There are plenty of nuclear devices out there. From what I’ve read, dozens if not hundreds went missing when the USSR broke up. You don’t need to build one.

And a small terrorist cell doesn’t have to be affiliated with a country. Look at the 9/11 hijackers. They lived all over. A significant part of the planning was apparently done in Germany. Should the US flatten Berlin?

The point I’m making is exactly what you ignore in your reply – war can now be waged by individuals against whole nations. And by definition, they have a huge target to aim at, while the nation has nothing concrete to hit back at.

I fail to see your point, other than that you contention of change + hardship = TEOTWAWKI (google it)
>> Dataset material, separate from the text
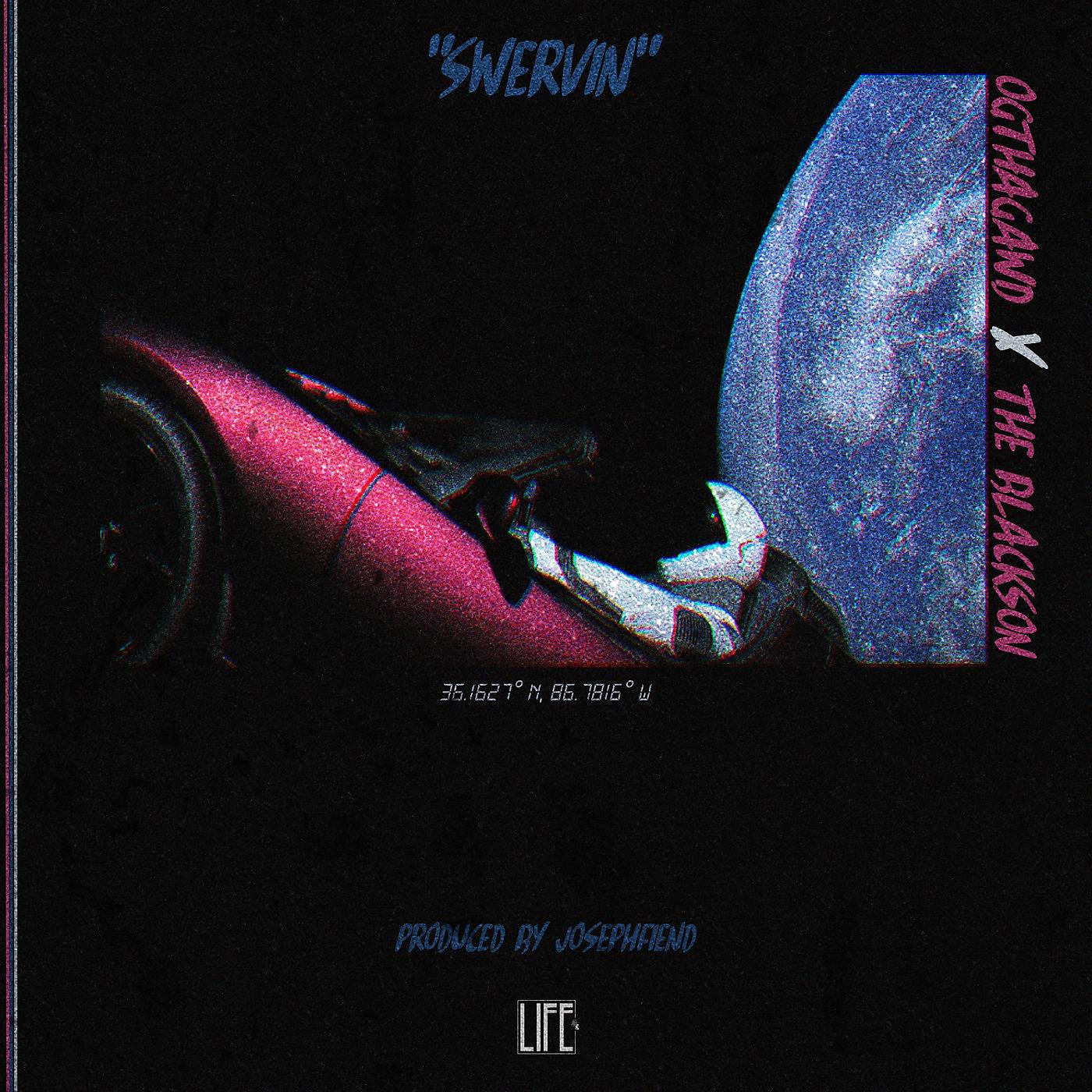 Постер альбома Swervin (feat. OGTHAGAWD & The BlackSon)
Airline travel is not a ‘right’. The loss of airline travel will not lead to a dystopian society with no freedoms and Big Brother’s eyes on every street corner. I fail to see you you’re connecting the two. (And if you Quote Ben Franklin, I swear I won’t respond. Lest this get thrown into great debates.)

(grin) My nephew laughed out loud when I pulled my old 8-track deck out of the closet and played a tape for him.

Loss of airline travel will result in transportation disruptions. Continue the trend and staples will be harder to come by, maybe impossible. If people are afraid to leave their homes, the quality of life is decreasing, food is unobtainable, and each home is surrounded by barbed wire where everyone is afraid of and threatening everyone else, don’t you think civilization will have a serious breakdown? How long can society remain “polite”?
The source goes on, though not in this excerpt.